Monday, February 17, 2014

Another Record for Obama

While Obama entered office promising to limit the practice, the State Department’s professional association says the rate of political appointees [for ambassadorships] reached an unprecedented level of 53 percent, once Obama began serving his second term in January 2013.

[...]

Under previous administrations, Republican and Democrat alike, that rate fluctuated between 27 and 38 percent.

  RT
Which is bad enough.  It seems like an ambassador ought to be an expert on the country to which he or she is appointed.  But what do I know?

The big-donor ambassadors are good enough, though, aren’t they?
Obama former ambassador to Luxemburg, Cynthia Stroum [wealthy venture capitalist and bundler for Obama coffers], left the diplomatic mission in disarray.

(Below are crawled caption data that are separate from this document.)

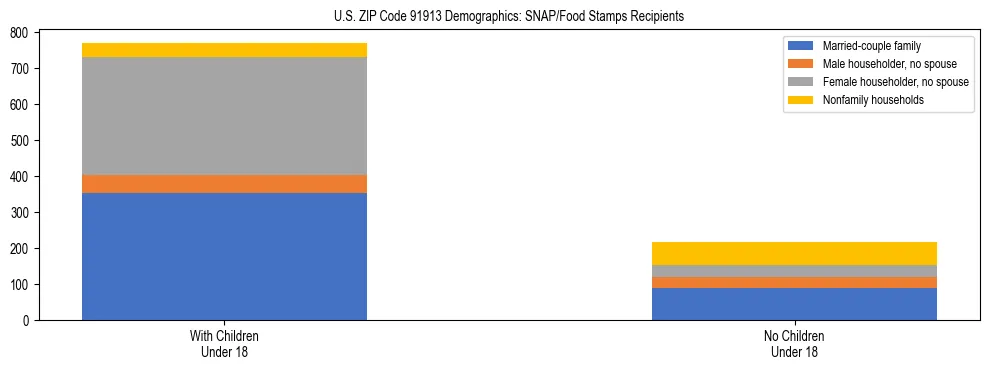Stacked bar chart showing SNAP/Food Stamps recipient household composition by presence of children under 18 in US ZIP Code 91913, based on 2023 ACS data.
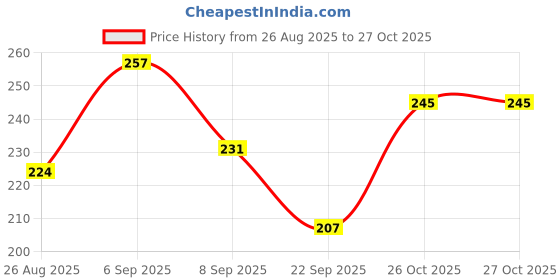 flipkart.com Eshaaver Anime Scenic Gaming Mouse Pad – Large, Non-Slip, Smooth Surface for Desk & PC Non Slip Base Mousepad Price History Graph from 26 Aug 2025 to 27 Oct 2025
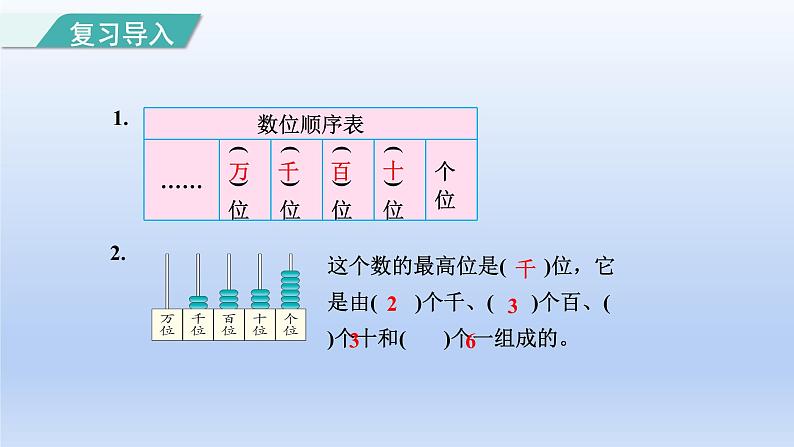 2024二年级数学下册7万以内数的认识5万以内数的读法和写法课件（人教版）第2页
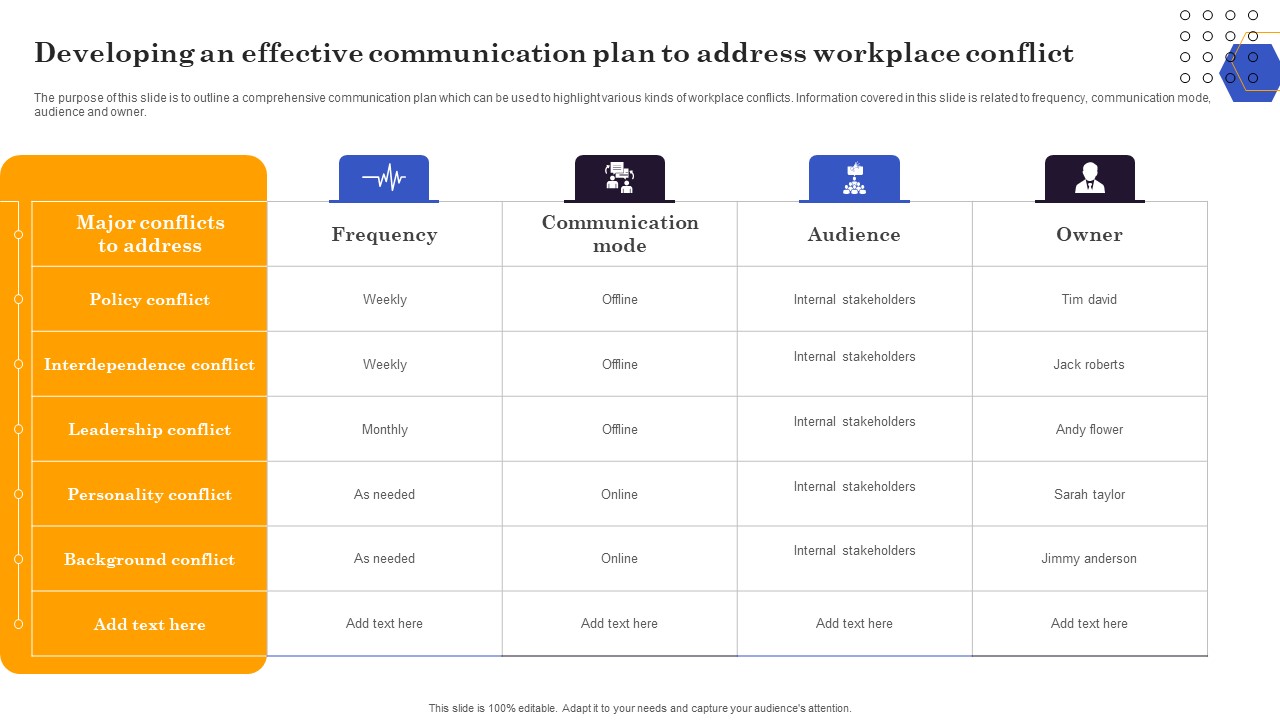 Conflict Resolution Method Developing An Effective Communication Plan To Address Summary PDF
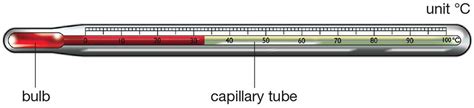 structure of thermometer Cheaper Than Retail Price> Buy Clothing ...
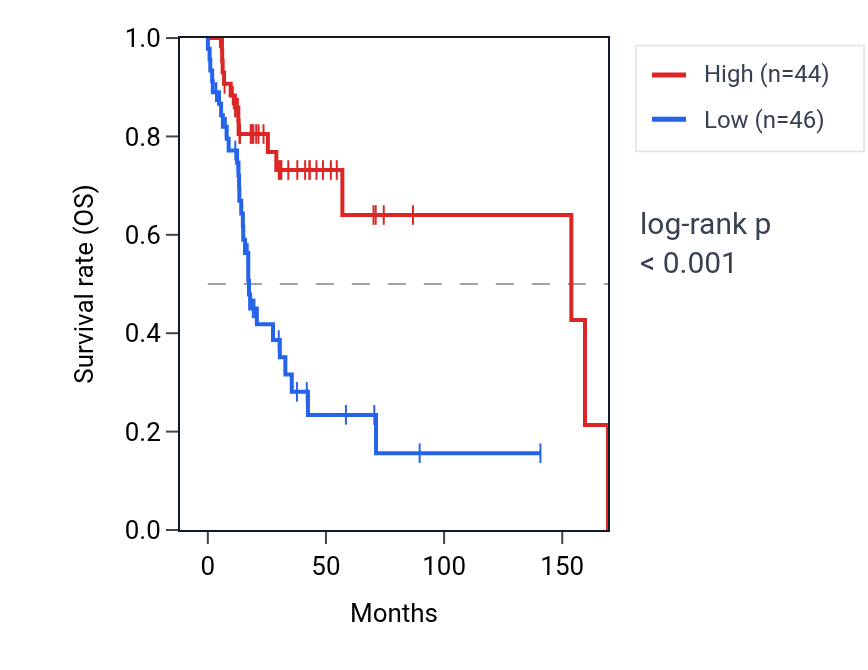Kaplan&ndash;Meier survival curve for LCE1E RNA expression in HNSC: high vs low expression groups.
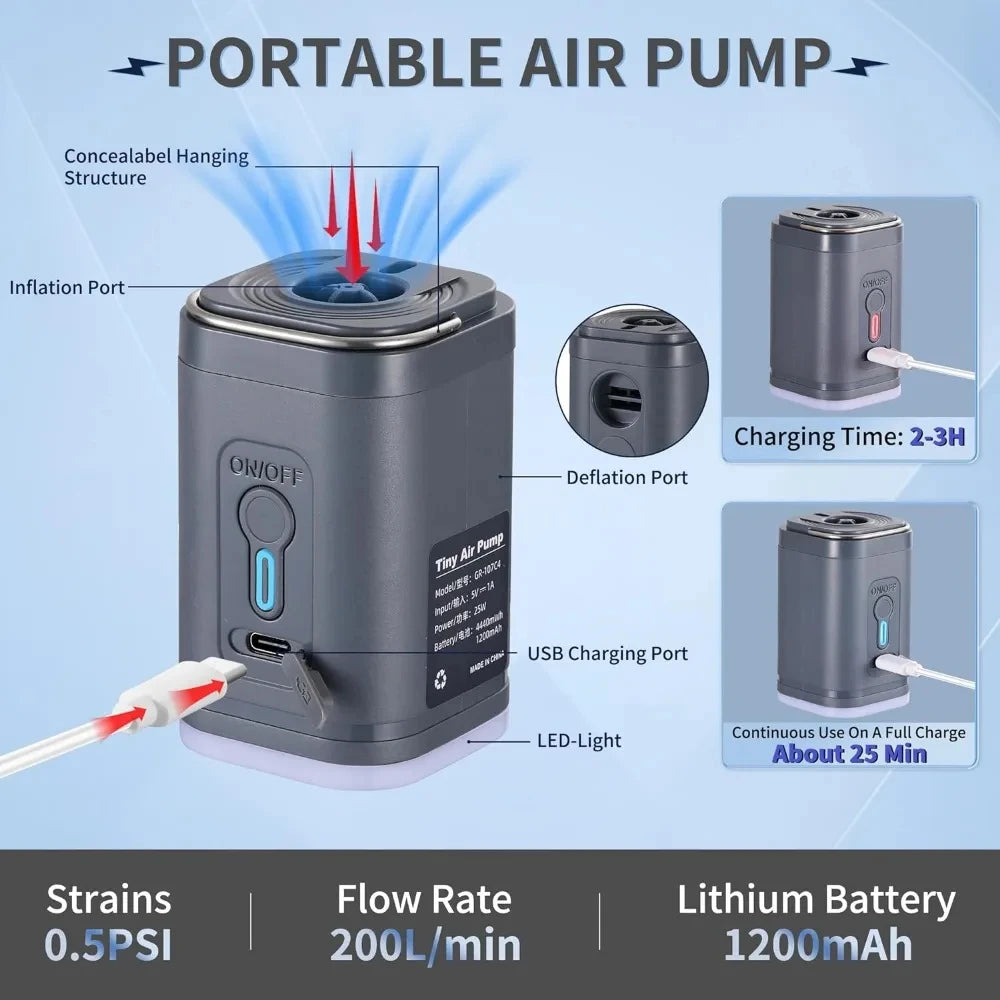 Portable air pump with features and specifications on a blue background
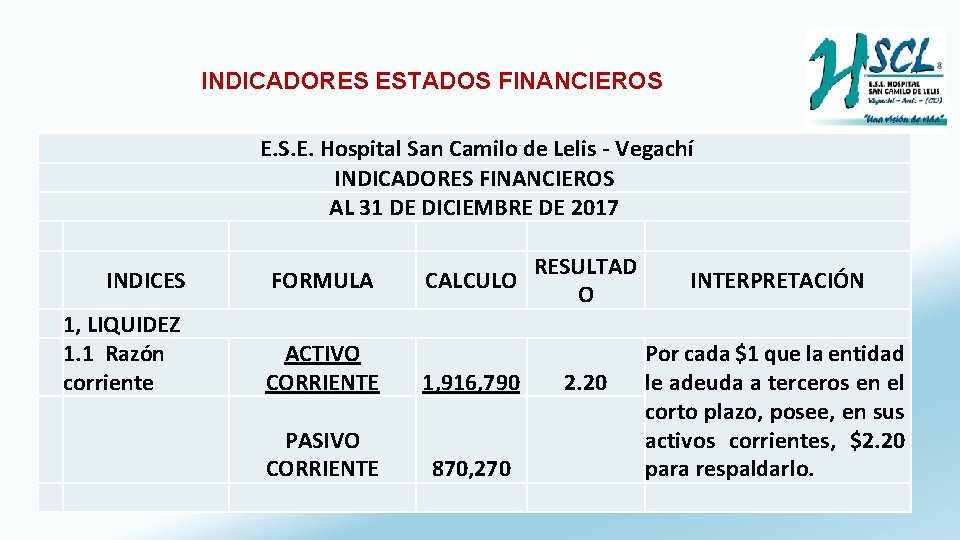 INDICADORES ESTADOS FINANCIEROS E. S. E. Hospital San Camilo de Lelis - Vegachí INDICADORES
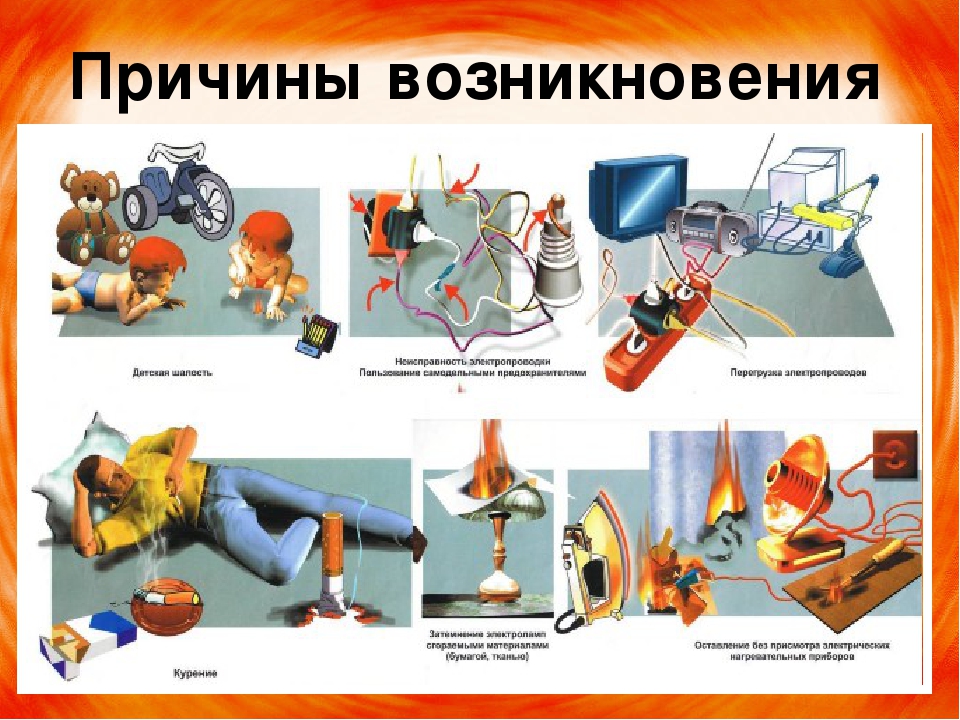 Презентация "Два лика огня"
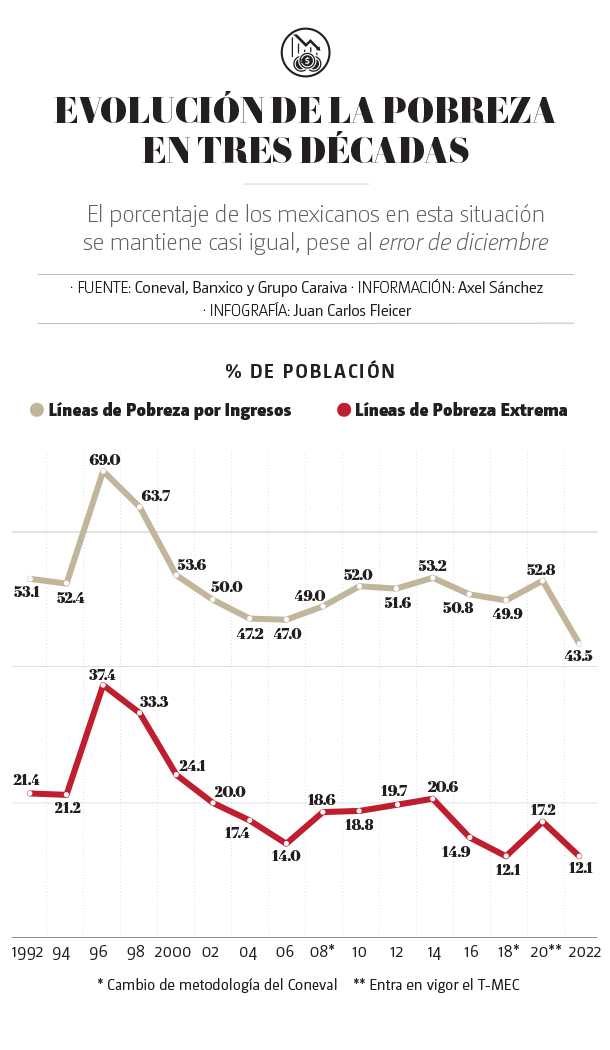  pobreza 1 ok 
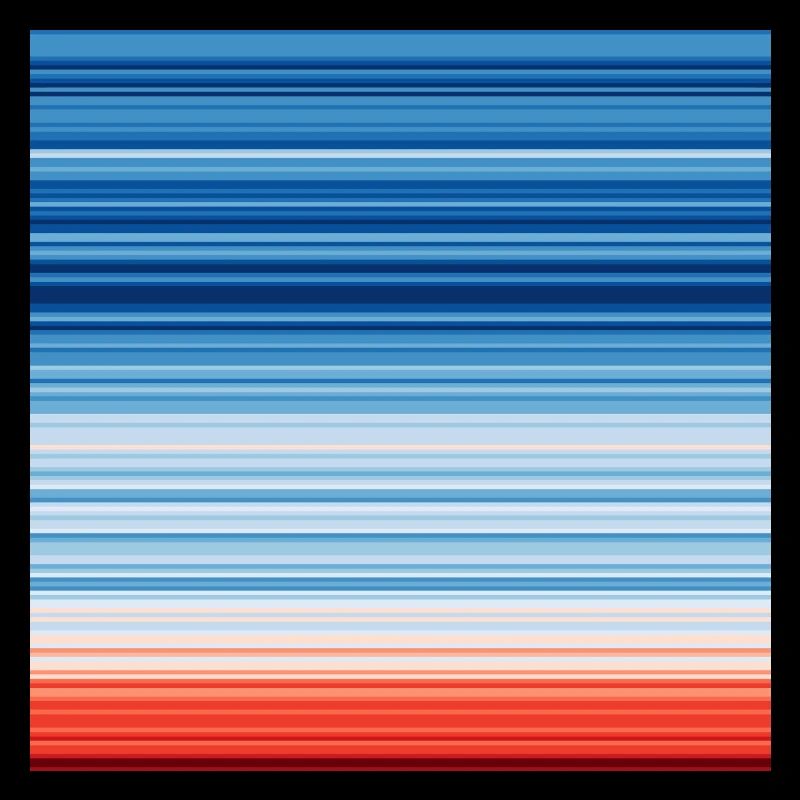 Warming Stripes | Scientists for Future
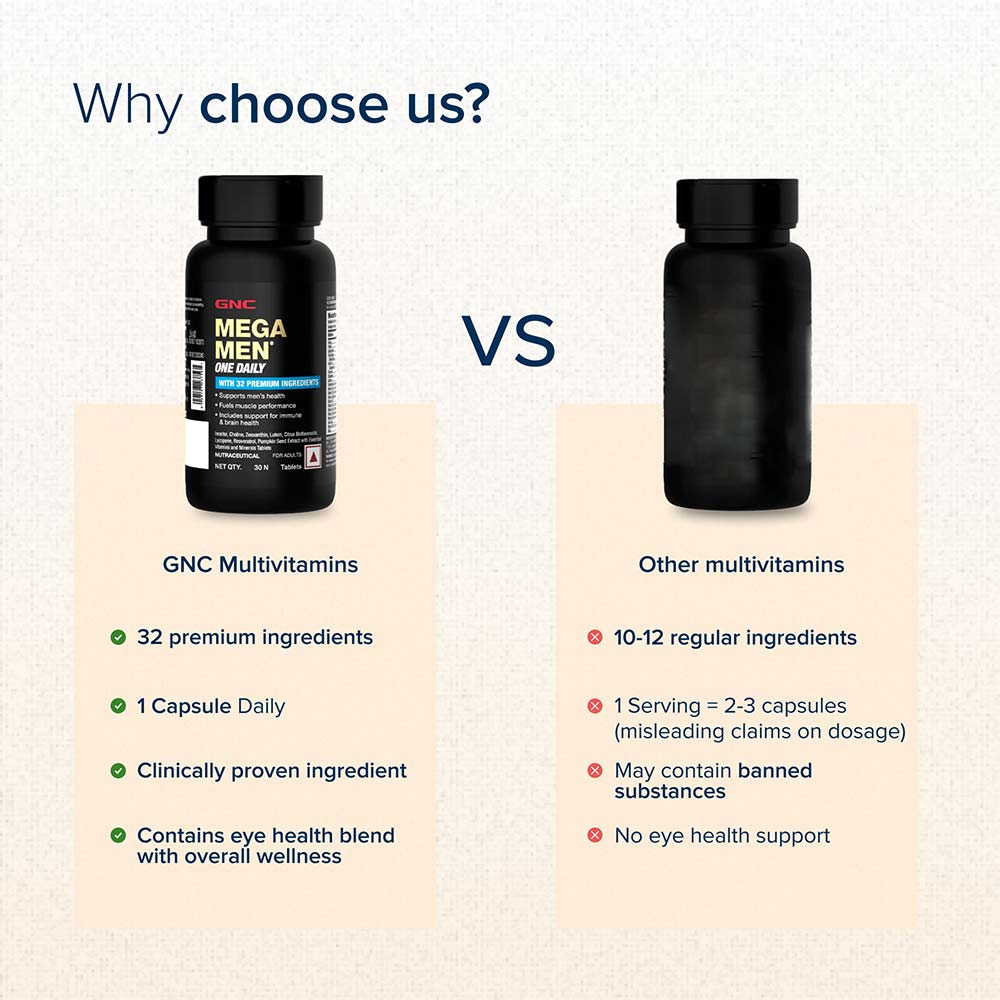 GNC Mega Men One Daily Multivitamin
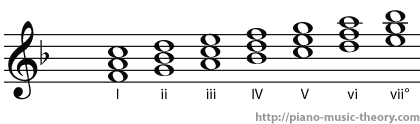 f major scale diatonic chords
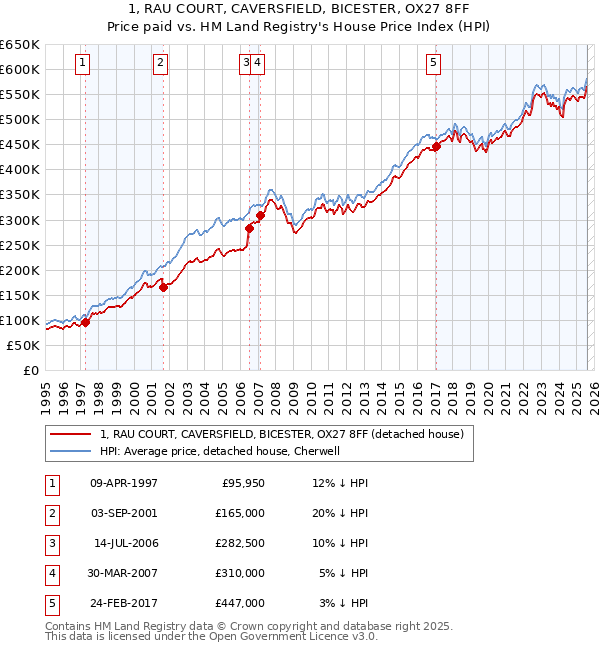 1, RAU COURT, CAVERSFIELD, BICESTER, OX27 8FF: Price paid vs HM Land Registry's House Price Index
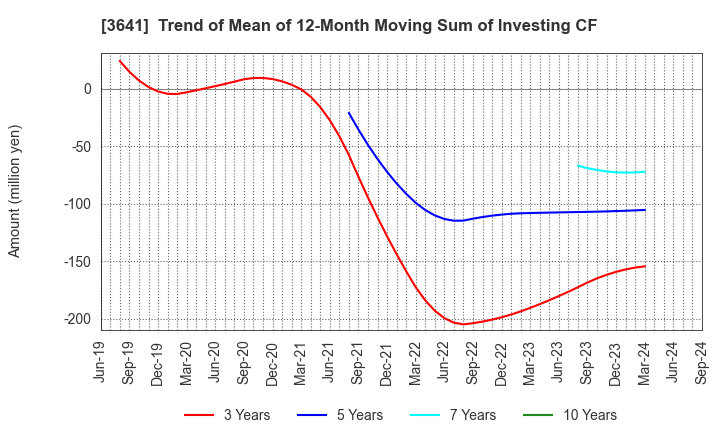 3641 PAPYLESS CO.,LTD.: Trend of Mean of 12-Month Moving Sum of Investing CF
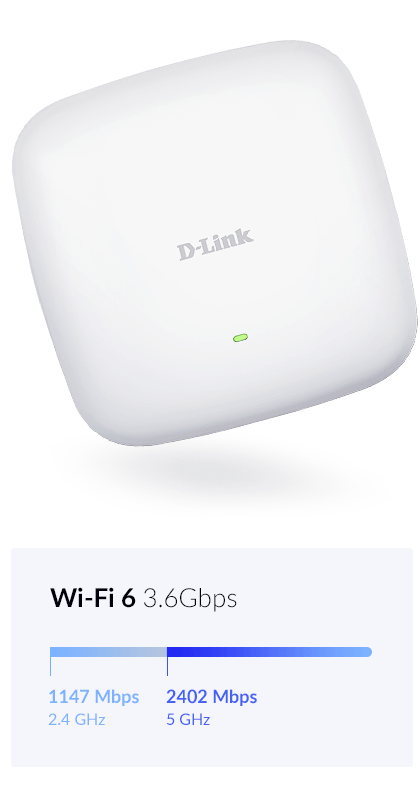 Next-gen Wi-Fi 6 performance that turbo boosts your business.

In February 2011, she was forced to step down from the post after a scathing State Department report said she brought “major elements of Embassy Luxembourg to a state of dysfunction.”

[...]

Following Stroum’s dismissal, the State Department decided to stop issuing such de facto reports on ambassadors.

During Obama's first term, other political appointees in Malta, [...] Kenya and the Bahamas were also forced to step down over management issues, the UK’s Independent newspaper reports.

[...]

George Tsunis, CEO of Chartwell Hotels, who raised about $1.3 million for Obama and the Democratic Party, raised more than a few eyebrows at his hearing to be confirmed as ambassador to Norway.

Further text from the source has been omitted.